DATA FOR REVIEW:
◆ ◆ ◆ ◆

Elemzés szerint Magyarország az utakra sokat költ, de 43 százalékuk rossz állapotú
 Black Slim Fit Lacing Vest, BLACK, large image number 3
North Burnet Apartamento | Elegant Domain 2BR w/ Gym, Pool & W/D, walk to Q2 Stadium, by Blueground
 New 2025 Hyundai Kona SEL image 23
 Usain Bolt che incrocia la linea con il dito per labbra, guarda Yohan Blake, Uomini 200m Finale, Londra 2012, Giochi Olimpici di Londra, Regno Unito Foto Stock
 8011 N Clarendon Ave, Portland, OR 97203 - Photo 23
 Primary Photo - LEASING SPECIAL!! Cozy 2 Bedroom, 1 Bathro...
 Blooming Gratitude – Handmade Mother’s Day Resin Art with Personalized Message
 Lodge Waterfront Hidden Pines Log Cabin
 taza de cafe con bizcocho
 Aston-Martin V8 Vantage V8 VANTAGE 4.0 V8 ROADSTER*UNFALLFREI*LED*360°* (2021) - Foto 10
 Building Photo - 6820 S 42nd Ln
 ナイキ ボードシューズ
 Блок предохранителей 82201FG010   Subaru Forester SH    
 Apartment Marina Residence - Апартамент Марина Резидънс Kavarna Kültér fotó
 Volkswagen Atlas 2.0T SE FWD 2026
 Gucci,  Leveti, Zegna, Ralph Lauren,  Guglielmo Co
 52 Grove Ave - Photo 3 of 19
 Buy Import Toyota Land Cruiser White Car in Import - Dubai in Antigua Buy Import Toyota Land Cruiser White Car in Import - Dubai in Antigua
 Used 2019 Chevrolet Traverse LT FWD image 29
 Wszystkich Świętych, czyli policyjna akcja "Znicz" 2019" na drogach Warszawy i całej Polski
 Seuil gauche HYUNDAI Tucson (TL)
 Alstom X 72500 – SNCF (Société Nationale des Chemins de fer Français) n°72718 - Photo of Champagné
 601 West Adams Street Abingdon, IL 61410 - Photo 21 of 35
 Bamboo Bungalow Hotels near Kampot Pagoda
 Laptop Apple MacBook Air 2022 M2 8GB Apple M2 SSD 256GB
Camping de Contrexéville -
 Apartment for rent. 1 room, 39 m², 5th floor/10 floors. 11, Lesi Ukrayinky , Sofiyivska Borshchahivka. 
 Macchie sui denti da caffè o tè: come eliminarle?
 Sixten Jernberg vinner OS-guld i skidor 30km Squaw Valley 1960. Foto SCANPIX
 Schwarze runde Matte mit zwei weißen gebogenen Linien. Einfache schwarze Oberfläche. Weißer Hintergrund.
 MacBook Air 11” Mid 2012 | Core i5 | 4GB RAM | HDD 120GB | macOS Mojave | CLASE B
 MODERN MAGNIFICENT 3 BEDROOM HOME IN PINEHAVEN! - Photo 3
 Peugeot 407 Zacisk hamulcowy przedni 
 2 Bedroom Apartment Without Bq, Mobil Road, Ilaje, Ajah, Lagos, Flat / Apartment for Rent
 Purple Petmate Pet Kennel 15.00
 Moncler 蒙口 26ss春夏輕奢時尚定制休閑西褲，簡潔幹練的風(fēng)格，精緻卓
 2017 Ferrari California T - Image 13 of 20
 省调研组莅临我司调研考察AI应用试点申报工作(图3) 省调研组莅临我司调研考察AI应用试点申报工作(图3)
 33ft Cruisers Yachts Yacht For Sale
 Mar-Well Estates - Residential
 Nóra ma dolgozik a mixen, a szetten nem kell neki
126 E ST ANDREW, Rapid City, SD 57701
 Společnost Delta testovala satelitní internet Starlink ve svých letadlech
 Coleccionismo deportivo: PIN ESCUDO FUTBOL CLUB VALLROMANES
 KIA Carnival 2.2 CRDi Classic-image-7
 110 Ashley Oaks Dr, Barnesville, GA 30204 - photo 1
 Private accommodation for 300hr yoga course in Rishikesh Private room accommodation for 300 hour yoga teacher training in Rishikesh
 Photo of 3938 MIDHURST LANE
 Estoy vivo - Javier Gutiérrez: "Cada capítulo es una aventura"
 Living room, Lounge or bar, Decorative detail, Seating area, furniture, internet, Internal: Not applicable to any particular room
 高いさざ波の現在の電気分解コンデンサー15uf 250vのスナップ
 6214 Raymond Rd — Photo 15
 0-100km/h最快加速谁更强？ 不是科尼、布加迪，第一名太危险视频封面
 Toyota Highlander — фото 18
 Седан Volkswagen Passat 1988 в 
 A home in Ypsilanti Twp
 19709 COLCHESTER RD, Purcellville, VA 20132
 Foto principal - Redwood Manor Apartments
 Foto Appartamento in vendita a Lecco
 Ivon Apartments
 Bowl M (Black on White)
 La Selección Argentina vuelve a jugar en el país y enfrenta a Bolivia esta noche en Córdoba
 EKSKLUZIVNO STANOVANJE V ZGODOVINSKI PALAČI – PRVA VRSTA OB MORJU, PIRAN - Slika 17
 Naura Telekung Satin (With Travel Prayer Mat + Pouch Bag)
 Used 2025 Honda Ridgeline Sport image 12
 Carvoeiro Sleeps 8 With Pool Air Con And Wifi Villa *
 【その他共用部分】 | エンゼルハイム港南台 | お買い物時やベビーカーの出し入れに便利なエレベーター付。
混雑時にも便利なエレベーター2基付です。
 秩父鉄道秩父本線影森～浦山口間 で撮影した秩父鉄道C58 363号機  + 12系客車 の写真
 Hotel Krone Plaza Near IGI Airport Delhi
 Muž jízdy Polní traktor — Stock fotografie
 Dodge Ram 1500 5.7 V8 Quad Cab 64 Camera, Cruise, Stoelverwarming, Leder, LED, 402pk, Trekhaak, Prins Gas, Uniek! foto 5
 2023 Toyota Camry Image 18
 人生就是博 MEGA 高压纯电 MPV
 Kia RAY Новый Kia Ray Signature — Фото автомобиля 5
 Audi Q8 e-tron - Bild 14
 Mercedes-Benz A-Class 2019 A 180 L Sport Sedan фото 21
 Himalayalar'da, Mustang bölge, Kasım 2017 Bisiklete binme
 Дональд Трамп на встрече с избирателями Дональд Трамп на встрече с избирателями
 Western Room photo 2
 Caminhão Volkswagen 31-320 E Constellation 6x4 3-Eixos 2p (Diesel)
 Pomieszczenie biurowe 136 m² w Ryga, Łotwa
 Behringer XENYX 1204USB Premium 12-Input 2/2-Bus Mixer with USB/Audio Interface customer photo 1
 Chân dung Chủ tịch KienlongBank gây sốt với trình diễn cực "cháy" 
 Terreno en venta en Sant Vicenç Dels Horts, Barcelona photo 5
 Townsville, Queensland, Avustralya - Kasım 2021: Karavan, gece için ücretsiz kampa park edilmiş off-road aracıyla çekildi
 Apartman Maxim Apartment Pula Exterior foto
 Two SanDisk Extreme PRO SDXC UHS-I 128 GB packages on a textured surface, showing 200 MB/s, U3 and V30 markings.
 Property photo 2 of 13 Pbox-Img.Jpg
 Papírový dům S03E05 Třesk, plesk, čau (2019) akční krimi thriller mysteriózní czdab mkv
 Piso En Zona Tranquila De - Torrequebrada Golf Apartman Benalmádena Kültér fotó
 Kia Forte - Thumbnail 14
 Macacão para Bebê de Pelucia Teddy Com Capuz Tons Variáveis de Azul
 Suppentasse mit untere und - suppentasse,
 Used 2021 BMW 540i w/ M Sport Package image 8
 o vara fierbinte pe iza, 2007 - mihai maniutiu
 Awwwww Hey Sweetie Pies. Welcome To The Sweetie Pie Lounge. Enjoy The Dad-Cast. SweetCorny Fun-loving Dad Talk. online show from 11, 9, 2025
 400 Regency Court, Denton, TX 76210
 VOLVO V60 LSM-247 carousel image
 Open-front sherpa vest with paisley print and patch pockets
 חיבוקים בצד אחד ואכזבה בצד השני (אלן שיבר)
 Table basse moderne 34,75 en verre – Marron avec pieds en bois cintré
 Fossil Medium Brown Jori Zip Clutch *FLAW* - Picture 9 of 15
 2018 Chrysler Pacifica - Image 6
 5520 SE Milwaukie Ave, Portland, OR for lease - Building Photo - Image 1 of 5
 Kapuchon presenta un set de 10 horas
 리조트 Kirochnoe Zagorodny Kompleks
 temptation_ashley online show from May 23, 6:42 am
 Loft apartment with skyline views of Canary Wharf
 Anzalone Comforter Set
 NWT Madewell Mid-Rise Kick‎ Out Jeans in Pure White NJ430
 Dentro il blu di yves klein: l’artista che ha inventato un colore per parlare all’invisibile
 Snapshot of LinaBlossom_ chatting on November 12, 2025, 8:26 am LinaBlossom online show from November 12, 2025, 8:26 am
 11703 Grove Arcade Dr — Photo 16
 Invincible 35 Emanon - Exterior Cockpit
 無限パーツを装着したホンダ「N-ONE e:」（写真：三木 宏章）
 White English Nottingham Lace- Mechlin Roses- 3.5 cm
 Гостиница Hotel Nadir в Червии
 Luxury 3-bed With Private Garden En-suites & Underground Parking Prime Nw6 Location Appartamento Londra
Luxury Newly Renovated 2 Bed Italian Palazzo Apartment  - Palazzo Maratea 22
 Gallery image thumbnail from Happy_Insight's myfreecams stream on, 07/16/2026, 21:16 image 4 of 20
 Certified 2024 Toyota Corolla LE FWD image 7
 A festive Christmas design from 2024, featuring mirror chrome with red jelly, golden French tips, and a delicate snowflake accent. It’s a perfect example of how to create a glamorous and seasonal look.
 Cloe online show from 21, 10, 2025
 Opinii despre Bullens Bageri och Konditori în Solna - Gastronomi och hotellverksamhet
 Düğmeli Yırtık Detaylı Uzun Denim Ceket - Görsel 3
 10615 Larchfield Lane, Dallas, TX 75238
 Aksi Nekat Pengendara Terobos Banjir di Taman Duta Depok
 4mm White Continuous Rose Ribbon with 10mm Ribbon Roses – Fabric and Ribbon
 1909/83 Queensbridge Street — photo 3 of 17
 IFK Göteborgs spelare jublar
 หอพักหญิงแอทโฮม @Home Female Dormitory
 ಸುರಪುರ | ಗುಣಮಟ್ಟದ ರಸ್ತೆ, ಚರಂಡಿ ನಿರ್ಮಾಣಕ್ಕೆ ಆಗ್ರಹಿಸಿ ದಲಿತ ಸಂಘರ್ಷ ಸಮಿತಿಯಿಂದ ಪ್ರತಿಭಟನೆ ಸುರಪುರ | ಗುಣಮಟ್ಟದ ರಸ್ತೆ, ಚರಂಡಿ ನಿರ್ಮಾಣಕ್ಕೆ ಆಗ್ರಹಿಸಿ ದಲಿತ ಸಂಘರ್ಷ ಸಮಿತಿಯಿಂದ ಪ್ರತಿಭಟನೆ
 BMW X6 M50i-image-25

◆ ◆ ◆ ◆

TASK INSTRUCTIONS: Would you please repeat exactly the lines above, starting at the line with "126 E ST ANDREW, Rapid City, SD 57701" and stopping at the line with "Western Room photo 2", both included?

REPLY TO THE EXERCISE:
126 E ST ANDREW, Rapid City, SD 57701
 Společnost Delta testovala satelitní internet Starlink ve svých letadlech
 Coleccionismo deportivo: PIN ESCUDO FUTBOL CLUB VALLROMANES
 KIA Carnival 2.2 CRDi Classic-image-7
 110 Ashley Oaks Dr, Barnesville, GA 30204 - photo 1
 Private accommodation for 300hr yoga course in Rishikesh Private room accommodation for 300 hour yoga teacher training in Rishikesh
 Photo of 3938 MIDHURST LANE
 Estoy vivo - Javier Gutiérrez: "Cada capítulo es una aventura"
 Living room, Lounge or bar, Decorative detail, Seating area, furniture, internet, Internal: Not applicable to any particular room
 高いさざ波の現在の電気分解コンデンサー15uf 250vのスナップ
 6214 Raymond Rd — Photo 15
 0-100km/h最快加速谁更强？ 不是科尼、布加迪，第一名太危险视频封面
 Toyota Highlander — фото 18
 Седан Volkswagen Passat 1988 в 
 A home in Ypsilanti Twp
 19709 COLCHESTER RD, Purcellville, VA 20132
 Foto principal - Redwood Manor Apartments
 Foto Appartamento in vendita a Lecco
 Ivon Apartments
 Bowl M (Black on White)
 La Selección Argentina vuelve a jugar en el país y enfrenta a Bolivia esta noche en Córdoba
 EKSKLUZIVNO STANOVANJE V ZGODOVINSKI PALAČI – PRVA VRSTA OB MORJU, PIRAN - Slika 17
 Naura Telekung Satin (With Travel Prayer Mat + Pouch Bag)
 Used 2025 Honda Ridgeline Sport image 12
 Carvoeiro Sleeps 8 With Pool Air Con And Wifi Villa *
 【その他共用部分】 | エンゼルハイム港南台 | お買い物時やベビーカーの出し入れに便利なエレベーター付。
混雑時にも便利なエレベーター2基付です。
 秩父鉄道秩父本線影森～浦山口間 で撮影した秩父鉄道C58 363号機  + 12系客車 の写真
 Hotel Krone Plaza Near IGI Airport Delhi
 Muž jízdy Polní traktor — Stock fotografie
 Dodge Ram 1500 5.7 V8 Quad Cab 64 Camera, Cruise, Stoelverwarming, Leder, LED, 402pk, Trekhaak, Prins Gas, Uniek! foto 5
 2023 Toyota Camry Image 18
 人生就是博 MEGA 高压纯电 MPV
 Kia RAY Новый Kia Ray Signature — Фото автомобиля 5
 Audi Q8 e-tron - Bild 14
 Mercedes-Benz A-Class 2019 A 180 L Sport Sedan фото 21
 Himalayalar'da, Mustang bölge, Kasım 2017 Bisiklete binme
 Дональд Трамп на встрече с избирателями Дональд Трамп на встрече с избирателями
 Western Room photo 2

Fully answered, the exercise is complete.